* C$ rises to $1.0136
* Bonds flat to higher after UK inflation report
TORONTO, Feb 16 (Reuters) - Canada's dollar was slightly firmer but still hemmed in its recent range against the U.S. dollar on Wednesday as equities and the price of oil tipped higher.
So far this week, the Canadian dollar has found little reason to deviate from a range between C$0.9848-C$0.9904. More broadly, it's been snugly trading in a C$0.9832-C$1.0060 this year, even as riskier assets such as oil and U.S. stock prices have generally been on the rise.
"Tactically we remain bullish Canada, both against the U.S. dollar and on the crosses," said Jack Spitz, managing director of foreign exchange at National Bank Financial.
"With the market effectively refusing to break Canada out of this falling trend channel that's been in place since the middle of October, the market will take it through near-support at C$0.9850."
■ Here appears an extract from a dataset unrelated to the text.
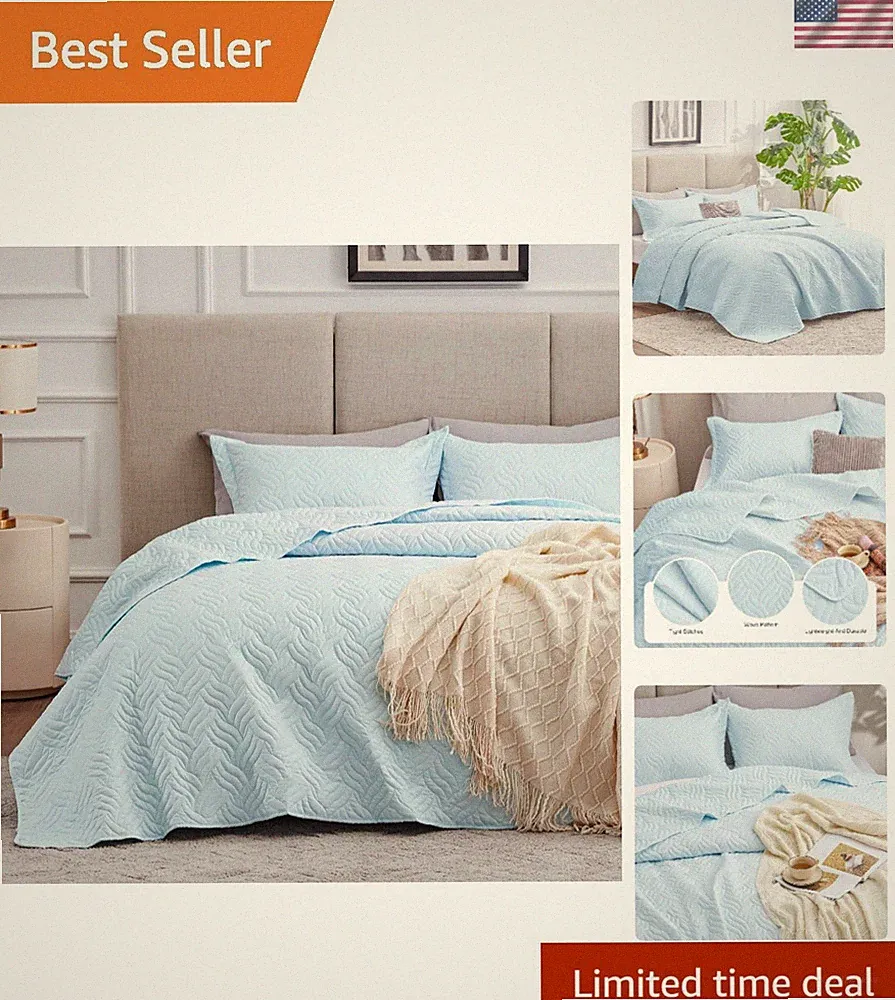 Pet-Friendly King Size Quilt Set - Soft Microfiber Bedspread for All Seasons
The 2011 high so far at C$0.9832 is also a key level, followed by C$0.9780, which represents the bottom end of the channel, he said.
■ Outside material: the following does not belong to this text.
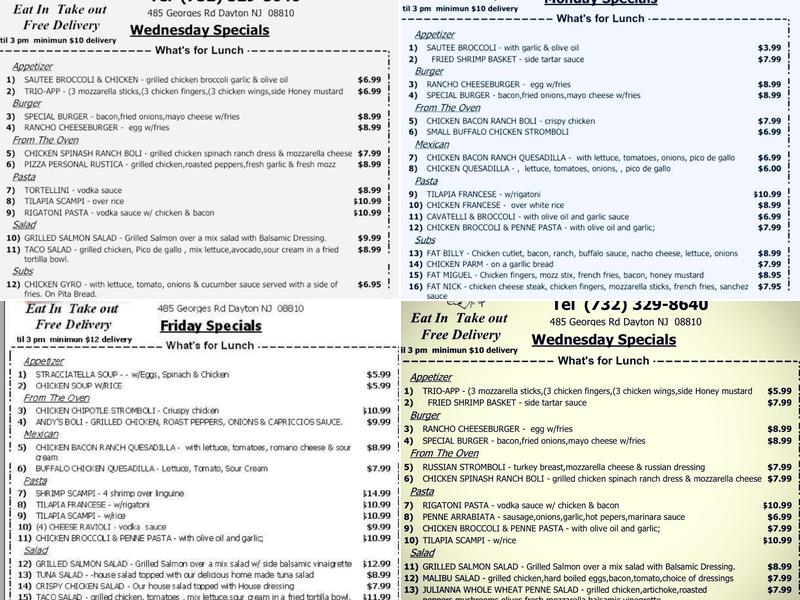 Capriccios Pizza & Restaurant Dayton Menu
Spitz, however, said if the price of U.S. oil slips below $82.40, it could set the stage to sell the commodity-linked Canadian dollar.
The market has been hard pressed to find alternative catalysts, and has been sitting relatively well-supported as market players hold to expectations that the Bank of Canada will likely boost interest rates in the first half of the year. [CA/POLL]
Friday's Canadian inflation data for January could help firm up expectations on the timing of the Bank of Canada's next rate hike after stepping to the sidelines late last year after three successive rate increases.
Three pieces of data from Statistics Canada on Wednesday -- the leading indicator for January, capital flows for December, as well as manufacturing sales for December -- failed to provide the spark to push the currency out of its recent range ECONCA.
At 8:13 a.m. (1313 GMT), the Canadian dollar was at C$0.9866 to the U.S. dollar, or $1.0136, up slightly from Tuesday's North American session close at C$0.9897 to the U.S. dollar, or $1.0104.
Canadian bond prices were flat to higher, following the cue from U.S. Treasuries, which rallied in response to a dovish Bank of England speech.
Bank of England Governor Mervyn King was less hawkish than anticipated in his quarterly inflation report. [US/][ID:nLDE71F154]
The two-year Canadian government bond CA2YT=RR wasup 2 Canadian cents to yield 1.915 percent, while the 10-year bond CA10YT=RR edged up 13 Canadian cents to yield 3.462 percent.